-- EXERCISE DATA follows --

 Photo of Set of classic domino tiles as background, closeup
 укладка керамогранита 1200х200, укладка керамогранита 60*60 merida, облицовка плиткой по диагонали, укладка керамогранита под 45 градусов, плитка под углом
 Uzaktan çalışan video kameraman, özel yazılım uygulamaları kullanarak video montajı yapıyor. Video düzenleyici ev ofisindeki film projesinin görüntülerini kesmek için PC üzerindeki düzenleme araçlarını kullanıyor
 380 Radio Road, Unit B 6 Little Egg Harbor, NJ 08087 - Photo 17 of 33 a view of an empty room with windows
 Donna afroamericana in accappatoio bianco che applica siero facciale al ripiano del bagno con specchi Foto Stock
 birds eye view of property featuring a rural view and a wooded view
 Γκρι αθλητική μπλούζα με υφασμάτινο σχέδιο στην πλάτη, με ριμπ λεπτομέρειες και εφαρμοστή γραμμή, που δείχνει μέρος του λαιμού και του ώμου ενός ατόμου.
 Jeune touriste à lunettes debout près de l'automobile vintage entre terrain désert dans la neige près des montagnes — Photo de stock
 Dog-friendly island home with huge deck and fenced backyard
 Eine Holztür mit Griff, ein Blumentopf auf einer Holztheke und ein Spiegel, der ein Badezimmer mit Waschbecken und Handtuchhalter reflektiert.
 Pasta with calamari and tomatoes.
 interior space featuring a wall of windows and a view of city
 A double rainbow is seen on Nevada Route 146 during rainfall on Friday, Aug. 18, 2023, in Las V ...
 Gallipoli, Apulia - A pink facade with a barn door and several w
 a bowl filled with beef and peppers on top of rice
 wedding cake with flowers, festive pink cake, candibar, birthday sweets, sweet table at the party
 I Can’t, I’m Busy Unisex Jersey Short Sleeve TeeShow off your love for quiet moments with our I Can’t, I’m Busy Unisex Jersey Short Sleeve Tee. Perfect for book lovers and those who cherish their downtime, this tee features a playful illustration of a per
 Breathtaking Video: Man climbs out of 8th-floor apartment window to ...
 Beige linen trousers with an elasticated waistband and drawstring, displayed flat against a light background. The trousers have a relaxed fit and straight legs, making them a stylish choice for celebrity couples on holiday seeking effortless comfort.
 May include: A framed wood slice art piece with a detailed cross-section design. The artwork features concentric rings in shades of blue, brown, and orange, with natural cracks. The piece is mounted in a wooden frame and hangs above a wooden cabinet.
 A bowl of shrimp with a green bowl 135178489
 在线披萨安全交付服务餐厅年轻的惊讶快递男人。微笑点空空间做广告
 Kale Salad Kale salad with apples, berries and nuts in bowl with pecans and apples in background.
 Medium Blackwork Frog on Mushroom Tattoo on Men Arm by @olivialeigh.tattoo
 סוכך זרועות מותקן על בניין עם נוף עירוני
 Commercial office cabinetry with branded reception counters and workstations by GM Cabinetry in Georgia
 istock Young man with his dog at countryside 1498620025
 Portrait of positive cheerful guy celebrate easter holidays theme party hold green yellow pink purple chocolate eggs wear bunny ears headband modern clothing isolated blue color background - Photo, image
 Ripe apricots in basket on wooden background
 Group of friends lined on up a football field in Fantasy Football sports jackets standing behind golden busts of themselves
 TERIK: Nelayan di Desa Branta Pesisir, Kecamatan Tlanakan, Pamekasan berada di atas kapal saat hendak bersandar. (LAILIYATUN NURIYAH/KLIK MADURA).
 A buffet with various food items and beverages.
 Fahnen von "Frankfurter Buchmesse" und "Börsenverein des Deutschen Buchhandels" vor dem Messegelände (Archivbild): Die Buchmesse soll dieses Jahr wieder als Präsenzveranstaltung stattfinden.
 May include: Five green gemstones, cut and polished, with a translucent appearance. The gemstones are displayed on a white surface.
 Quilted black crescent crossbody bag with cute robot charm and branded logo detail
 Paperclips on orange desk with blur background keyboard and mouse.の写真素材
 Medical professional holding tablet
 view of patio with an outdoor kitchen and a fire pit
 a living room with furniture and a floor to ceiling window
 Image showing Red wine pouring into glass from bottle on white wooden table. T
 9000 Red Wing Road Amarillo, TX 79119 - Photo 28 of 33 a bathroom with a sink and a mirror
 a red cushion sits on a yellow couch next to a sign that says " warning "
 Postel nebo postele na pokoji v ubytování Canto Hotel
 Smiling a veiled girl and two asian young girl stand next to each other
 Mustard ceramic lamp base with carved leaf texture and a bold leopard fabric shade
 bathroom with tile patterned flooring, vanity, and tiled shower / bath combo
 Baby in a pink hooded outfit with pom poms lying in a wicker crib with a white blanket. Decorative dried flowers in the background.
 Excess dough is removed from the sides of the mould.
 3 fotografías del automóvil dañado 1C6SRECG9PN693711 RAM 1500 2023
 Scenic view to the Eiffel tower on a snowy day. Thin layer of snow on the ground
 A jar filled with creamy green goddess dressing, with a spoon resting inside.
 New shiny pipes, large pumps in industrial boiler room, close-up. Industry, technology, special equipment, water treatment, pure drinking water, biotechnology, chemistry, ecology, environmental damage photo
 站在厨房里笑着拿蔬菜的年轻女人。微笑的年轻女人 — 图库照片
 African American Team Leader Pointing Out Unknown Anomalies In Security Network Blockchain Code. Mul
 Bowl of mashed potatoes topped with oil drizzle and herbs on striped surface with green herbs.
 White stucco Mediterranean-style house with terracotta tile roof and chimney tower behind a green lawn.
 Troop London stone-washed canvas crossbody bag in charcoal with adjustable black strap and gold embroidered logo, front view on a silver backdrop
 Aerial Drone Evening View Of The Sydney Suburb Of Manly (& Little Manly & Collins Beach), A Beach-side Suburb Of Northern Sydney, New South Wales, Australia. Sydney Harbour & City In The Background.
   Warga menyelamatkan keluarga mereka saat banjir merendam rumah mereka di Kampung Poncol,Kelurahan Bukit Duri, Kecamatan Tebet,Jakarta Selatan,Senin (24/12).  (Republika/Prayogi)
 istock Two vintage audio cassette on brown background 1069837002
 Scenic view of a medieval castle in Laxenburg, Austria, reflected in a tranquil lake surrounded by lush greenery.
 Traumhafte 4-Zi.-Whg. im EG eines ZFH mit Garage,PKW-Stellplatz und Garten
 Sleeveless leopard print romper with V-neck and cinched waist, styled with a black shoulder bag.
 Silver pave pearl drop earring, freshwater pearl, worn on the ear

-- EXERCISE DATA concluded --

GOAL OF THE EXERCISE: Copy each line above that contains the string "blue".

OUTPUT FOR THIS TASK:
 May include: A framed wood slice art piece with a detailed cross-section design. The artwork features concentric rings in shades of blue, brown, and orange, with natural cracks. The piece is mounted in a wooden frame and hangs above a wooden cabinet.
 Portrait of positive cheerful guy celebrate easter holidays theme party hold green yellow pink purple chocolate eggs wear bunny ears headband modern clothing isolated blue color background - Photo, image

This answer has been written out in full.